Again, this isn’t directly a monetisation strategy. Rather, it answers another KPI: user numbers. Depending on the app, these new users can be monetised through advertising etc - although for many just increasing the user base (and therefore increasing sales) is the aim.

It’s a strategy that is popular with extremely well-funded start-ups, who are engaged in a land grab for customers in a new market. Uber, for example, gives each customer account credit for each new customer they introduce, although the amount has decreased over time, as the service becomes more ubiquitous.


  • As evidenced by Uber et al, this approach can quickly aid growth for new products into a market.


  • Paying for user acquisition is a strategy with an expiration date - it simply can’t be sustained forever - and you need deep pockets to begin with.

6. All of the above?

But why settle for only one solution?
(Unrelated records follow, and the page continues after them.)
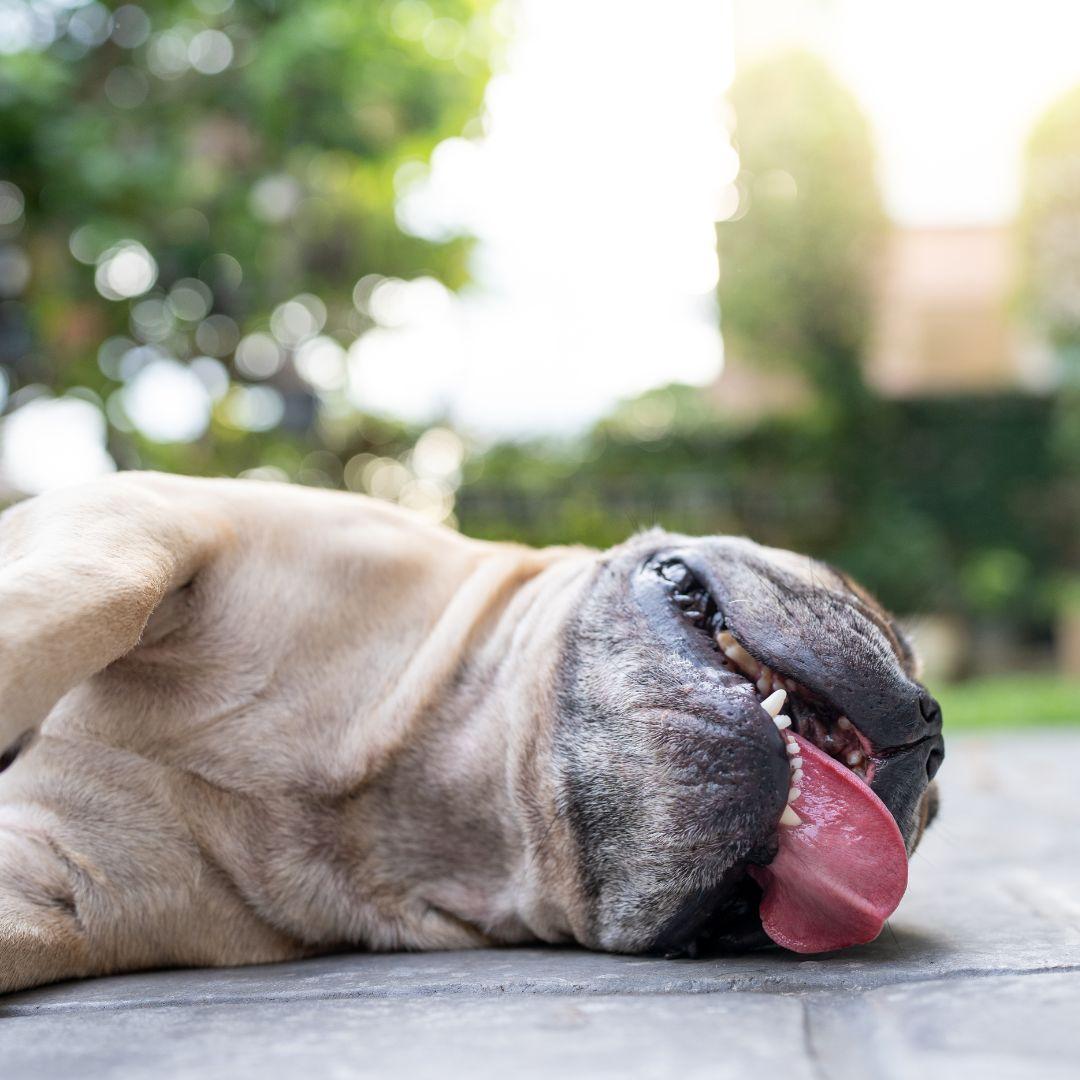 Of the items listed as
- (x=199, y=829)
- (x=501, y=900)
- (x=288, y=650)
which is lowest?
(x=501, y=900)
With CCleaner, we found that users across different countries reacted differently to advertising and in-app purchases (IAP), so opting for a hybrid approach was the best solution for this product.

We tested this with CCleaner, in territories where users were more likely to upgrade to Pro, validating our hypothesis that a mixture can work best. We found that we could drive IAP by displaying adverts, while still monetising free users.

Interestingly, this approach was particularly effective in the German market, where we not only saw a spike in ad revenue following the initial enabling for all users, but a general increase in IAP from users who didn’t want adverts, but until that point had chosen not to upgrade to Pro.

This combined monetisation approach allowed us to take advantage of both models, while not overwhelming us. Thanks to Firebase, we were able to test things like the placement of the adverts, and the most effective colour of the ‘Go Pro’ button, to fully optimise each model to increase revenue as much as possible.

And the results were impressive: in-app upgrade increased by 211% worldwide, and overall revenue, including ad sales, increased by 388%.

Ultimately, this success was as much down to research and testing as it was the quality of the app itself. By rolling out advertising slowly and in a controlled manner, first to the markets that were contributing the least financially, negative impacts were minimised. This, in turn, allowed us to use agile methodologies to iterate on our findings, so that by the time we came to use advertising in high IAP value countries, we were several versions into the strategy. The result? The rating of the app was maintained at 4.4 stars worldwide over the 12 months we spent rolling out the advertising worldwide.